Seine Götter verhandeln dagegen wie eh und je zwischen Flaschenbier und Pappbecher-Wein, klopfen sich auf die Schenkel und es fehlte nur noch, dass die Skatkarten aus der Hosentasche gezogen werden. Endlich in Walhall angekommen, wird es dann businessmäßig, denn der Götterboss ist in die Chefetage vorgerückt. Ein «Global Player», wie Flimm einst angekündigt hatte, wird dieser Wotan nicht mehr. In seinem «Ring» ist «menscheln» angesagt, vom möchtegern-schlägernden Pubertär-Donner bis zu Hausfrau Sieglinde, die mitten im bedrohlichen Disput zwischen Hunding und Siegmund den Esstisch in die Küche rollt. Das kennt man, das ist ganz nah an den Leuten dran, das ist Flimm.
Die Sänger scheinen an dieser Personenregie Gefallen gefunden zu haben. Alan Titus wirft - auf eigenen Vorschlag - wild mit Laptops und Diktiergeräten um sich und läuft als Darsteller überhaupt zur Hochform auf. Allerdings kommt sein ökonomisch eingesetzter Gesang dabei etwas kurz. Die Prägnanz der vergangenen Jahre sucht man dabei vergeblich, und dass die Deklamation bei Wagner nicht ganz unwichtig ist, scheint er manchmal zu vergessen. Dagegen fesselt das «Restpersonal» etwas mehr: Mihoko Fujimura etwa in der Rolle der Fricka, die ihrem Göttergatten ordentlich und mit klarem, bestimmtem Mezzo die Leviten liest.
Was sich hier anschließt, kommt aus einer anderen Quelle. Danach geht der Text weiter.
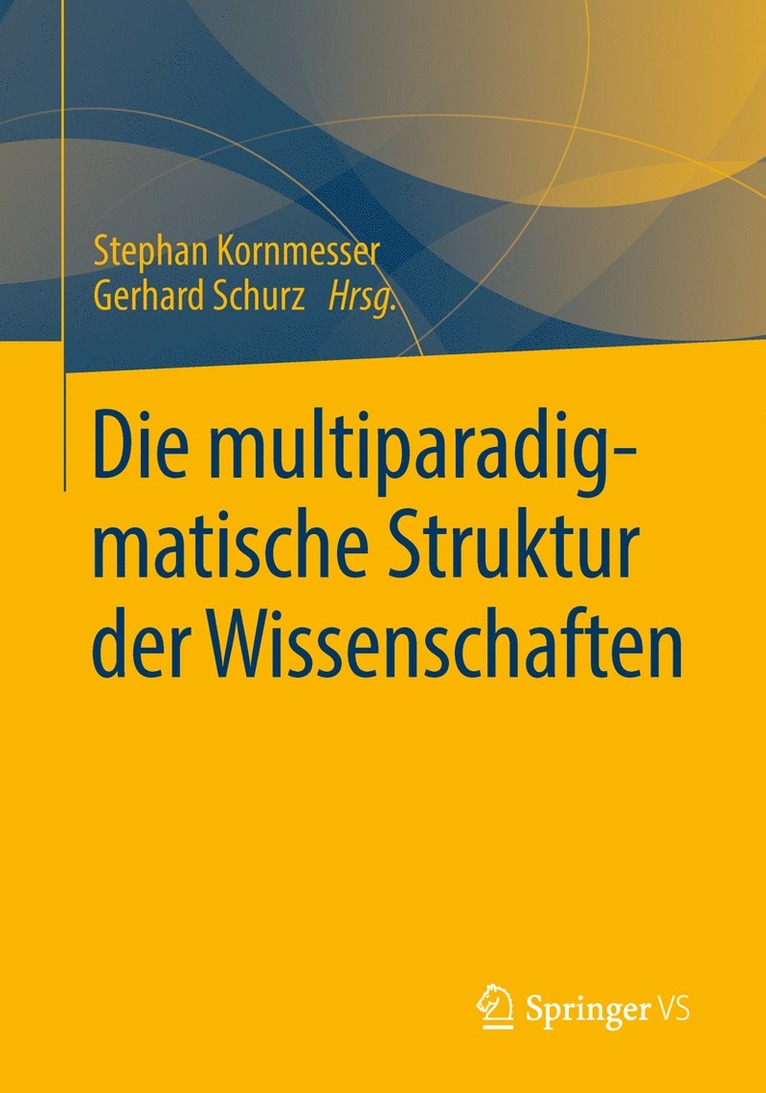 Stephan Kornmesser, Gerhard Schurz - Die multiparadigmatische Struktur der Wissenschaften, Häftad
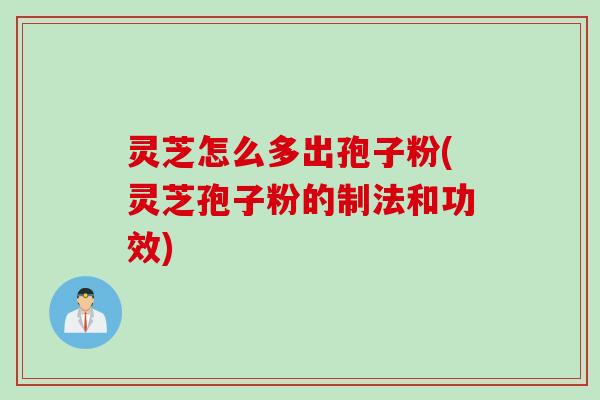 灵芝怎么多出孢子粉(灵芝孢子粉的制法和功效)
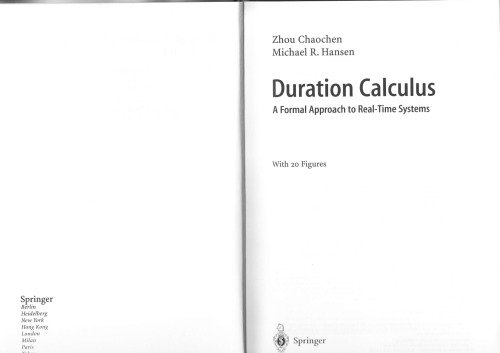 Duration Calculus: A Formal Approach to Real-Time Systems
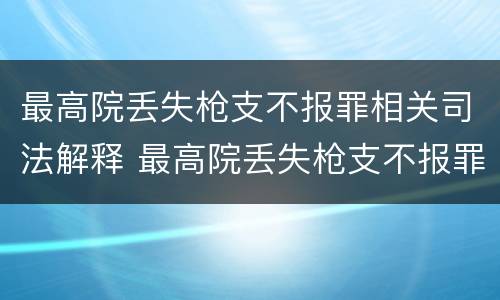 最高院丢失枪支不报罪相关司法解释 最高院丢失枪支不报罪相关司法解释最新
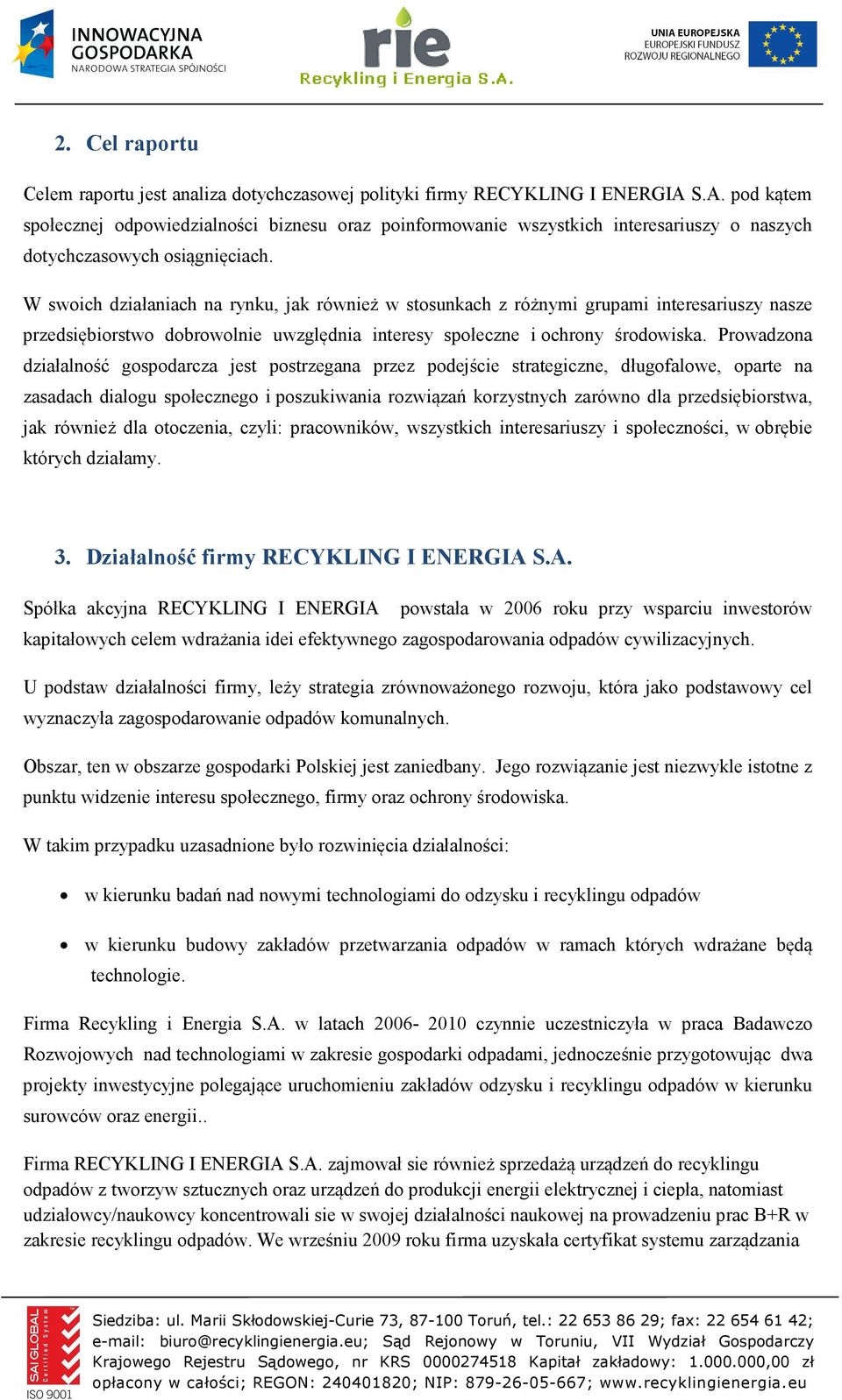 W swoich działaniach na rynku, jak również w stosunkach z różnymi grupami interesariuszy nasze przedsiębiorstwo dobrowolnie uwzględnia interesy społeczne i ochrony środowiska.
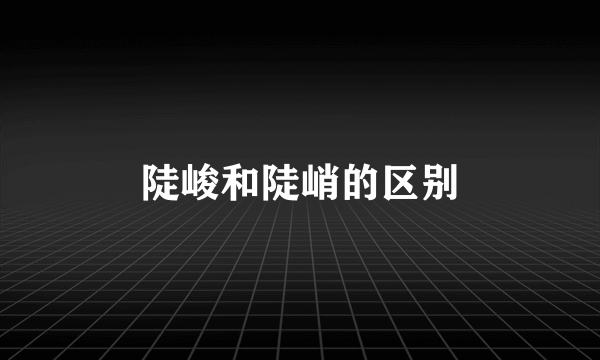 陡峻和陡峭的区别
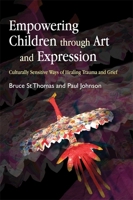 Empowering Children throught Art and Expression: Culturally Sensitive Ways of Healing Trauma and Grief 1843107899 Book Cover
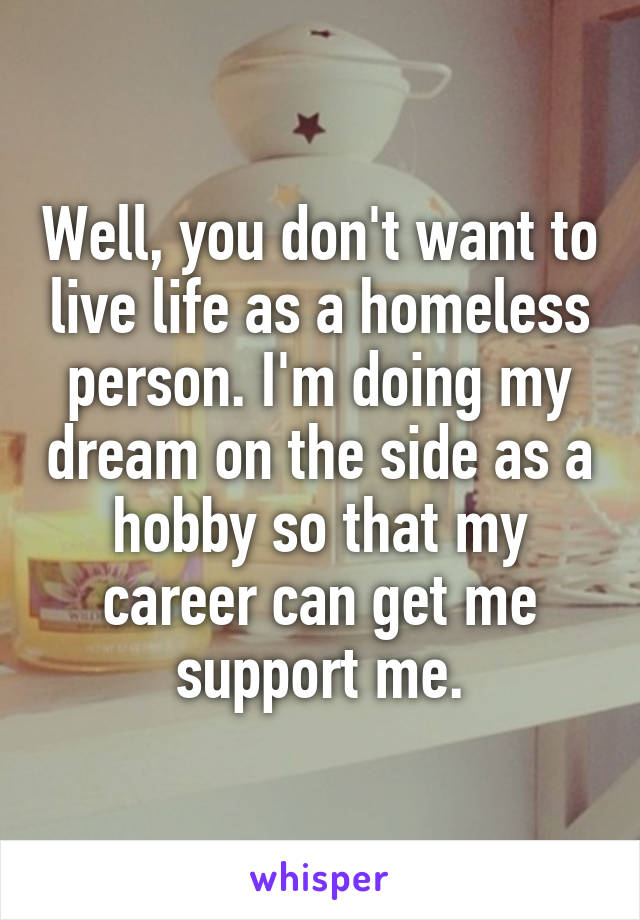 Well, you don't want to live life as a homeless person. I'm doing my dream on the side as a hobby so that my career can get me support me.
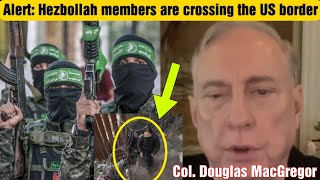 Col Douglas MacGregor Hezbollah Members Are Crossing The US Border [upl. by Rawden676]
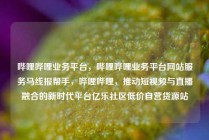 哔哩哔哩业务平台，哔哩哔哩业务平台网站服务马线报帮手，哔哩哔哩，推动短视频与直播融合的新时代平台亿乐社区低价自营货源站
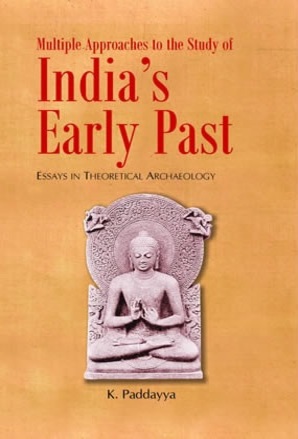 Multiple Approaches to the Study of India's Early Past : Essays in Theoretical Archaeology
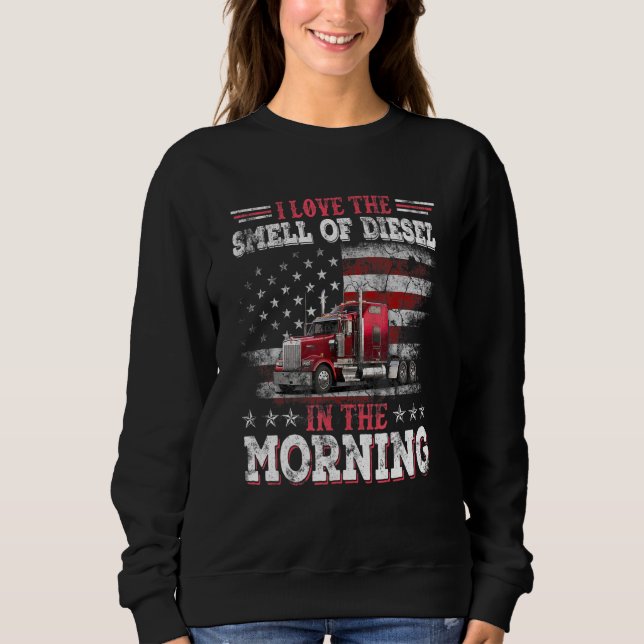 Sweatshirt J'Aime L'Odeur Des Diesels Dans Le Camion Du Matin (Devant)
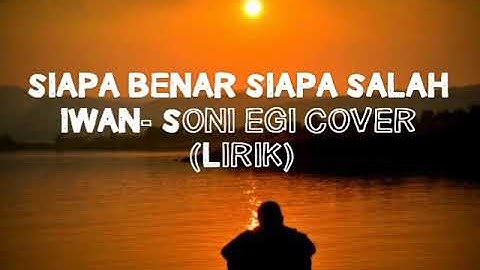 Bikin Baper..😭 SIAPA BENAR SIAPA SALAH (LIRIK) IWAN - Soni egi cover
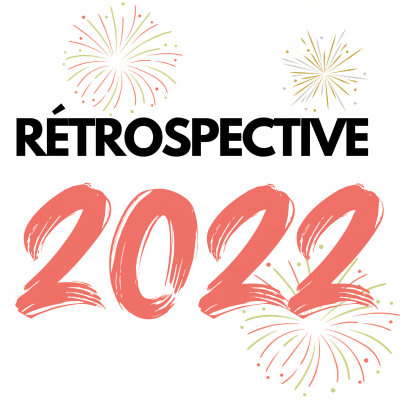 rétrospective 2022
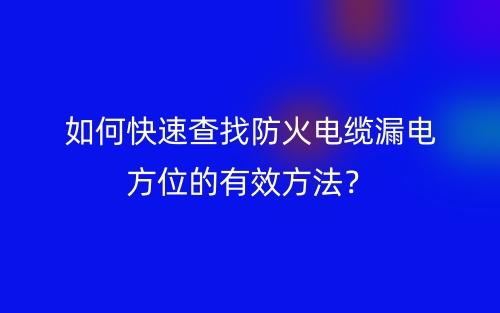 如何快速查找防火電纜漏電方位的有效方法？(圖1)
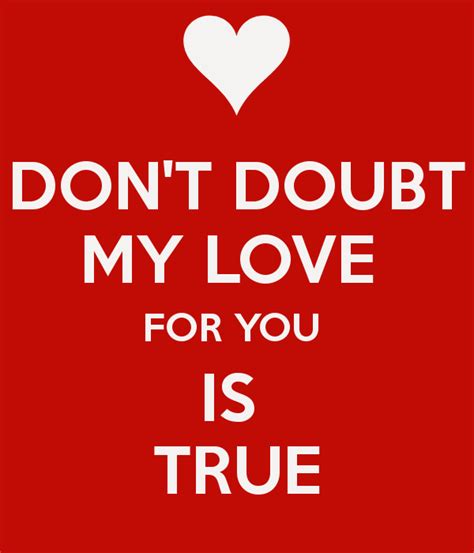 Dont Doubt My Love Quotes Quotesgram
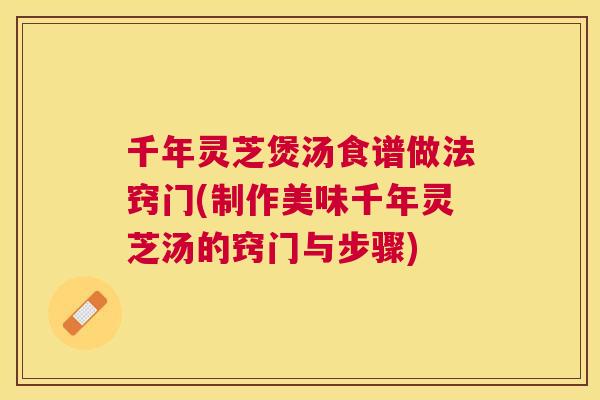 千年灵芝煲汤食谱做法窍门(制作美味千年灵芝汤的窍门与步骤) 千年灵芝煲汤食谱做法窍门(制作美味千年灵芝汤的窍门与步骤)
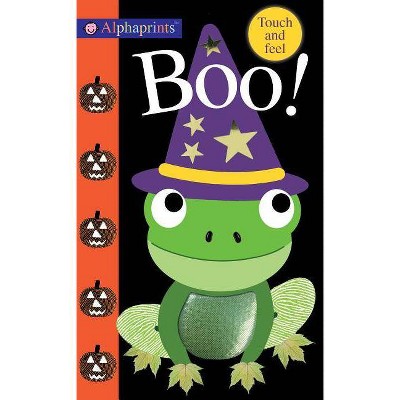 Boo! : Touch and Feel -  by Lindsey Sagar & Aimee Chapman & Hannah Cockayne & Kylie Hamley (Hardcover)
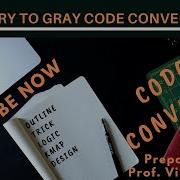 Binary To Gray Code Converter With Implementation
Der köstliche Loge von Arnold Bezuyen ist ein wendiger Conferencier mit echten Belcanto-Qualitäten. Und so würde man sich bei mancher Verausgabung auf dem Schlachtfeld der Hochdramatik ein bisschen mehr Schönklang wünschen. Eva Johansson ist zwar die leidenschaftlichste Sieglinde, die diese «Walküre» bisher gesehen hat, doch ihre übersteuerte, Vibrato-angereicherte Stimme verbreitet alles andere als die warm dahinfließenden Samttöne, die man von ihrer Vorgängerin Violeta Urmana noch im Ohr hat.
Robert Dean Smith geht den Siegmund - auch stimmlich - immer unverkrampfter an, was für die jugendlich-grazile Brünnhilde von Evelyn Herlitzius ebenso zutrifft. Zudem tröstet ihre wahrlich beeindruckende Bühnenpräsenz über ein gewöhnungsbedürftiges Timbre hinweg.
Adam Fischer lässt mitunter Betörendes aus dem Graben strömen, doch sein kammermusikalisch inspirierter Ansatz lässt oft den notwendigen Zugriff vermissen. Der Walkürenritt kommt zu zaghaft, Wotans Wut findet im Orchester keinen Widerhall. Bleibt zu hoffen, dass Fischer in der zweite Hälfte des «Rings» nachlegt, denn allerspätestens bei der «Götterdämmerung» am Sonntag sollte es auch mal ordentlich krachen.